* **Web page caption snippets**:
┌──
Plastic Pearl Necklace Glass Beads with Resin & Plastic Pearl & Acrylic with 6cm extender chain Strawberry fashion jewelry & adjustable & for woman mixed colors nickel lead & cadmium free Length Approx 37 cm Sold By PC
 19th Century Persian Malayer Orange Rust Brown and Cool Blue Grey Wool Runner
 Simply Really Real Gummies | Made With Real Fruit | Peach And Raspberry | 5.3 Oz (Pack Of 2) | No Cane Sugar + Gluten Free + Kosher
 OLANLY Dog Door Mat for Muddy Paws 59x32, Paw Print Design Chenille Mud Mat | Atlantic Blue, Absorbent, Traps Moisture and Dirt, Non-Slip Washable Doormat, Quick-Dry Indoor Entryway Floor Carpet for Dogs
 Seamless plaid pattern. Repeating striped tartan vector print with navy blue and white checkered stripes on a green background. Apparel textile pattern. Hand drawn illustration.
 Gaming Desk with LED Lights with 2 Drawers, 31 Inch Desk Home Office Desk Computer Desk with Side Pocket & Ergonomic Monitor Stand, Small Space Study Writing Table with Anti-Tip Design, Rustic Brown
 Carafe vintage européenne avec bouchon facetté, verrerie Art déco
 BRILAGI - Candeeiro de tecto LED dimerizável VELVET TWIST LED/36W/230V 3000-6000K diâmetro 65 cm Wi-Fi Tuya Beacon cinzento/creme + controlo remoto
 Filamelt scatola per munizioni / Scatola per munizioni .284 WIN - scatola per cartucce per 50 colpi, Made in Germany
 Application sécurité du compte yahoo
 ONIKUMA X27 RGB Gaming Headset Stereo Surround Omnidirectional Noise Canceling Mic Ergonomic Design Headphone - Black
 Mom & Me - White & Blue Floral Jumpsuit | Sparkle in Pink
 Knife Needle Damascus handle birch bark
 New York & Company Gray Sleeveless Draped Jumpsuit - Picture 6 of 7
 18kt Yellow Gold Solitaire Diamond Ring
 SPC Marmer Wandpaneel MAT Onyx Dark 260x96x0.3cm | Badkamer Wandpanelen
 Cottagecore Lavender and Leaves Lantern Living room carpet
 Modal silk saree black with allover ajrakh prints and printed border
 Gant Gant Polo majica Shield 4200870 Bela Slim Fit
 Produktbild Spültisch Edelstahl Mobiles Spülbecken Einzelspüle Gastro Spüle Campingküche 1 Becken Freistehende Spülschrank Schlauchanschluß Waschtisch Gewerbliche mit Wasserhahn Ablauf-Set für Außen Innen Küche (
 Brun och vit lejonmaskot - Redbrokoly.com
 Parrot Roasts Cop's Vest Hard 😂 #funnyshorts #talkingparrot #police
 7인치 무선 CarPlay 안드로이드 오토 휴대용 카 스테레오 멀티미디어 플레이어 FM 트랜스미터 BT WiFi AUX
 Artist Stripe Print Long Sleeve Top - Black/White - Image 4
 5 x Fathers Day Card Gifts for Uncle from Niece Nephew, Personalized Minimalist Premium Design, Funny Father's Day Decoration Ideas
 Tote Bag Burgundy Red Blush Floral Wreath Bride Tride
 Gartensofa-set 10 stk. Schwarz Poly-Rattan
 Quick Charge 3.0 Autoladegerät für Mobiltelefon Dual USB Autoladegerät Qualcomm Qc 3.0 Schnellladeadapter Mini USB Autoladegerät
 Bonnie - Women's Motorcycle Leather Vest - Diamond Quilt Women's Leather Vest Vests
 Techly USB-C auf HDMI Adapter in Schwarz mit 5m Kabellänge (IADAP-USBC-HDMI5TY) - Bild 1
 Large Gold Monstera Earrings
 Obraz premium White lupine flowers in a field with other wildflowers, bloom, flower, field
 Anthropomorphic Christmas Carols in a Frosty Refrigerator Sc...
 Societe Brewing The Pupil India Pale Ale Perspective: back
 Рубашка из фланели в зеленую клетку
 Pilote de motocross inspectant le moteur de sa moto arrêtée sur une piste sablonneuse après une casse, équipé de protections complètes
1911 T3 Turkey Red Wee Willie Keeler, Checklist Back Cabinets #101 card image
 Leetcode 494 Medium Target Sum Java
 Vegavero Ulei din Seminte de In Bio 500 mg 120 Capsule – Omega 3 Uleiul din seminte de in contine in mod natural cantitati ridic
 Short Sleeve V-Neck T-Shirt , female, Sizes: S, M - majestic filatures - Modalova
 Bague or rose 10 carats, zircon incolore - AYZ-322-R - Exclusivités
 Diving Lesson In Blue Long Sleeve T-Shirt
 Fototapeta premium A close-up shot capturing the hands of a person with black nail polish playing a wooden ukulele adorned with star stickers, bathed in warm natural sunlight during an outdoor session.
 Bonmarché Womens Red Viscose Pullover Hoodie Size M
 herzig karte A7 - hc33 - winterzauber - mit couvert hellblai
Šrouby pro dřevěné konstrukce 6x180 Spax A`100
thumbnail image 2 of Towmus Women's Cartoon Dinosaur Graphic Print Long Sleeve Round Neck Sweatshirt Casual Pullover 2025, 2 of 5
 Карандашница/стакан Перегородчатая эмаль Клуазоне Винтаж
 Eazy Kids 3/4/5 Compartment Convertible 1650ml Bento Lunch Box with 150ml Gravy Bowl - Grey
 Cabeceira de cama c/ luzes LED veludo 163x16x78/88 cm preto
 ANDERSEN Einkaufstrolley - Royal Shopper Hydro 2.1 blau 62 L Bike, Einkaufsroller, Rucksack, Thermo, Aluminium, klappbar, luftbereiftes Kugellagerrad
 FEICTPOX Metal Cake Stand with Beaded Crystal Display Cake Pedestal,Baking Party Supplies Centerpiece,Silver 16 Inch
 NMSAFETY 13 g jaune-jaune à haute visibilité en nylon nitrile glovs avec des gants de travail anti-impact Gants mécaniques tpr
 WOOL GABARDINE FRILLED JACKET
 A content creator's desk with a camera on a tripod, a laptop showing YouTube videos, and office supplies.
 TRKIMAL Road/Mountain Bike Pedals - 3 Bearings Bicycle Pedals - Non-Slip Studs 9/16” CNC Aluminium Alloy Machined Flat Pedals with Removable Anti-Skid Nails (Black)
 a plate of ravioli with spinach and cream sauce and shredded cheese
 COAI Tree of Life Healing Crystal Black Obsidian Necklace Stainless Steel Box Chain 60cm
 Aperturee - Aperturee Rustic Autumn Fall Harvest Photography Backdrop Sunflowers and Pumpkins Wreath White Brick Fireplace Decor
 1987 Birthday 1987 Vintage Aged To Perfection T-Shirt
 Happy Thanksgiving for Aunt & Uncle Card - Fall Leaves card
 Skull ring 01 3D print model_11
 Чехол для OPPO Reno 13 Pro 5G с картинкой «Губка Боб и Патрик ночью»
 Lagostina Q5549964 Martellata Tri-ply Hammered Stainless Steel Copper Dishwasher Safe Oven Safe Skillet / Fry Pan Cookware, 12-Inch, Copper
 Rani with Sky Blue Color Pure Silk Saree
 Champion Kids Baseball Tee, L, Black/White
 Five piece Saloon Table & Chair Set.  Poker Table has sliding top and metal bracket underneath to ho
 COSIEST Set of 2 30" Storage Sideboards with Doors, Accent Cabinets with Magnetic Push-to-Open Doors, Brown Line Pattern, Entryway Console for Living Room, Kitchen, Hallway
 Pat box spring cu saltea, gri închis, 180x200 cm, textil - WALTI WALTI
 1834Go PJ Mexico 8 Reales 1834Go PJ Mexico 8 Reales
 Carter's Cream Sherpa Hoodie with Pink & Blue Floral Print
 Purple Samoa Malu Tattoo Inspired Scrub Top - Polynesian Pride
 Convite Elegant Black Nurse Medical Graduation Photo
└──
* **WHAT IS REQUIRED**: Filter the records for lines holding the string "Brown". Copy each one.

* **TASK OUTPUT**:
 19th Century Persian Malayer Orange Rust Brown and Cool Blue Grey Wool Runner
 Gaming Desk with LED Lights with 2 Drawers, 31 Inch Desk Home Office Desk Computer Desk with Side Pocket & Ergonomic Monitor Stand, Small Space Study Writing Table with Anti-Tip Design, Rustic Brown
 COSIEST Set of 2 30" Storage Sideboards with Doors, Accent Cabinets with Magnetic Push-to-Open Doors, Brown Line Pattern, Entryway Console for Living Room, Kitchen, Hallway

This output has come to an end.